105 N.E. 656 | NY | 1914
The plaintiff was a guest at the Lafayette Hotel in the city of Buffalo. He seems to have wearied of the hotel fare, and his yearning for variety has provoked this lawsuit. He went forth and purchased some spareribs, which he presented to the hotel chef with a request that they be cooked for him and brought to his room. This was done, but with the welcome viands there came the unwelcome addition of a bill or check for $1, which he was asked to sign. He refused to do so, claiming that the charge was excessive. That evening he dined at the café, and was again asked to sign for the extra service, and again declined. The following morning, Sunday, when he presented himself at the breakfast table, he was told that he would not be served. This announcement was made publicly, in the hearing of *467 other guests. He remained at the hotel till Tuesday, taking his meals elsewhere, and he then left. The trial judge left it to the jury to say whether the charge was a reasonable one, instructing them that if it was, the defendant had a right to refuse to serve the plaintiff further, and that if it was not, the refusal was wrongful. In this, there was no error. An innkeeper is not required to entertain a guest who has refused to pay a lawful charge. Whether the charge in controversy was excessive, was a question for the jury.
The plaintiff says, however, that there was error in the admission of evidence which vitiates the verdict. In this we think that he is right. He alleged in his complaint that the defendant's conduct had injured his reputation. He offered no proof on that head, but the defendant took advantage of the averment to prove what the plaintiff's reputation was. A number of hotel proprietors were called as witnesses by the defendant, and under objection were allowed to prove that, in their respective hotels, the plaintiff's reputation was that of a chronic faultfinder. Some of them were permitted to say that the plaintiff was known as a "kicker." Others were permitted to say that his reputation was bad, not in respect of any moral qualities, but as the guest of a hotel.
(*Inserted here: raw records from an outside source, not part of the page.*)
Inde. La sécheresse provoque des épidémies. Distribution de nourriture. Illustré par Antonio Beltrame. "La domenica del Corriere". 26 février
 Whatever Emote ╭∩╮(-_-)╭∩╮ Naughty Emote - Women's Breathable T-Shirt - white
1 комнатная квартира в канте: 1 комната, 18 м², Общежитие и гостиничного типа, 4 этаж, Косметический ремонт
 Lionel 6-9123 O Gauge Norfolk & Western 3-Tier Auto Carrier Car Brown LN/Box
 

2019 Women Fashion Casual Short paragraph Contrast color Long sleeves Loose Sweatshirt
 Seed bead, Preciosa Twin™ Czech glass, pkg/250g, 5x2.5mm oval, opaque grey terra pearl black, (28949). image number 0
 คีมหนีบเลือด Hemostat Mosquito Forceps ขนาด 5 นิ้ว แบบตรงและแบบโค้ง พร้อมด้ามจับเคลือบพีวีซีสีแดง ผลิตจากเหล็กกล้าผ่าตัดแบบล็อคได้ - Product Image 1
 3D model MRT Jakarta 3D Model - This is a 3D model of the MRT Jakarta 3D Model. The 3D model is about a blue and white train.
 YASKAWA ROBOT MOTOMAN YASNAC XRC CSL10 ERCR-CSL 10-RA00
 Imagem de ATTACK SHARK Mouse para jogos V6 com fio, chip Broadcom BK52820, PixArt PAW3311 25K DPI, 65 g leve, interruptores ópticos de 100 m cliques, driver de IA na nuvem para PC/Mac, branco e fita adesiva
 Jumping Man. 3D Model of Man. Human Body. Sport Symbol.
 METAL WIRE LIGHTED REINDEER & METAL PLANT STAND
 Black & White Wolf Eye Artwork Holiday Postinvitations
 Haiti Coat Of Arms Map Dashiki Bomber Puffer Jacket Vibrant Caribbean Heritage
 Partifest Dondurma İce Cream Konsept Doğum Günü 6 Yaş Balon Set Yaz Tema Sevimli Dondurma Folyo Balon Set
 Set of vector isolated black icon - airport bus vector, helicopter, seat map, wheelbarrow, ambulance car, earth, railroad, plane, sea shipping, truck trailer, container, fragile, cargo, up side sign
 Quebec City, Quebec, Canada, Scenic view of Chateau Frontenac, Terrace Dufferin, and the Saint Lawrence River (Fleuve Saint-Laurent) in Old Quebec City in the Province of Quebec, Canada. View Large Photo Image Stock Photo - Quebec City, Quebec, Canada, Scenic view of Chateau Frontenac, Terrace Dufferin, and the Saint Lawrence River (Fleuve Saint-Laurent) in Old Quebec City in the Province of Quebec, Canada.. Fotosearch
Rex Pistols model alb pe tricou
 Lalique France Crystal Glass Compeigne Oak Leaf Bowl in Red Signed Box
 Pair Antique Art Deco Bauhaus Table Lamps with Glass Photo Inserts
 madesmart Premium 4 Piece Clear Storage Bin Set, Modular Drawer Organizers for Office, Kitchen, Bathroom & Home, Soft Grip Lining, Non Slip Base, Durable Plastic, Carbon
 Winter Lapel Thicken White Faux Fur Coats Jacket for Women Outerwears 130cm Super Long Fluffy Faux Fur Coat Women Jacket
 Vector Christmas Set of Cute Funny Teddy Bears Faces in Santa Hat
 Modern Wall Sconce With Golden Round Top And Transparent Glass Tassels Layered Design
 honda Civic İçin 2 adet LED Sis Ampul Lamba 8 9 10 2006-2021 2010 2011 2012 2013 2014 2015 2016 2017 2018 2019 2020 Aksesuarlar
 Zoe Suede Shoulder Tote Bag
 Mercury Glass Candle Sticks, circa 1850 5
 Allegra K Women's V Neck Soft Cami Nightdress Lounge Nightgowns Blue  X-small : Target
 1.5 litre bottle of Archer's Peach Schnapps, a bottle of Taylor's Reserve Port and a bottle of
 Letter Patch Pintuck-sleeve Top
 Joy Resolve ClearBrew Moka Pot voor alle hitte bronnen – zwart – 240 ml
The trial judge charged the jury that they must find for the defendant if they concluded that the plaintiff had suffered no damage, and this evidence was received to show that he had suffered none.
It is impossible to justify the ruling. The plaintiff, if wrongfully ejected from the café, was entitled to recover damages for injury to his feelings as a result of the humiliation (Aaron v. Ward,
It is no concern of ours that the controversy at the root of this lawsuit may seem to be trivial. That fact supplies, indeed, the greater reason why the jury should not have been misled into the belief that justice might therefore be denied to the suitor. To enforce one's rights when they are violated is never a legal wrong, and may often be a moral duty. It happens in many instances that the violation passes with no effort to redress it — sometimes from praiseworthy forbearance, sometimes from weakness, sometimes from mere inertia. But the law, which creates a right, can certainly not concede that an insistence upon its enforcement is evidence of a wrong. A great jurist, Rudolf von Ihering, in his "Struggle for Law," ascribes the development of law itself to the persistence in human nature of the impulse to resent aggression, and maintains the thesis that the individual owes the duty to himself and to society never to permit a legal right to be wantonly infringed. There has been criticism of Ihering's view, due largely, it may be, to the failure to take note of the limitations that accompany it, but it has at least its germ of truth. The plaintiff chose to resist a wrong which, if it may seem trivial to some, must have seemed substantial to him; and his readiness to stand upon his rights should not have been proved to his disparagement.
The judgment must be reversed and a new trial granted, with costs to abide the event.
WILLARD BARTLETT, Ch. J., WERNER, HISCOCK, CHASE, CUDDEBACK and MILLER, JJ., concur.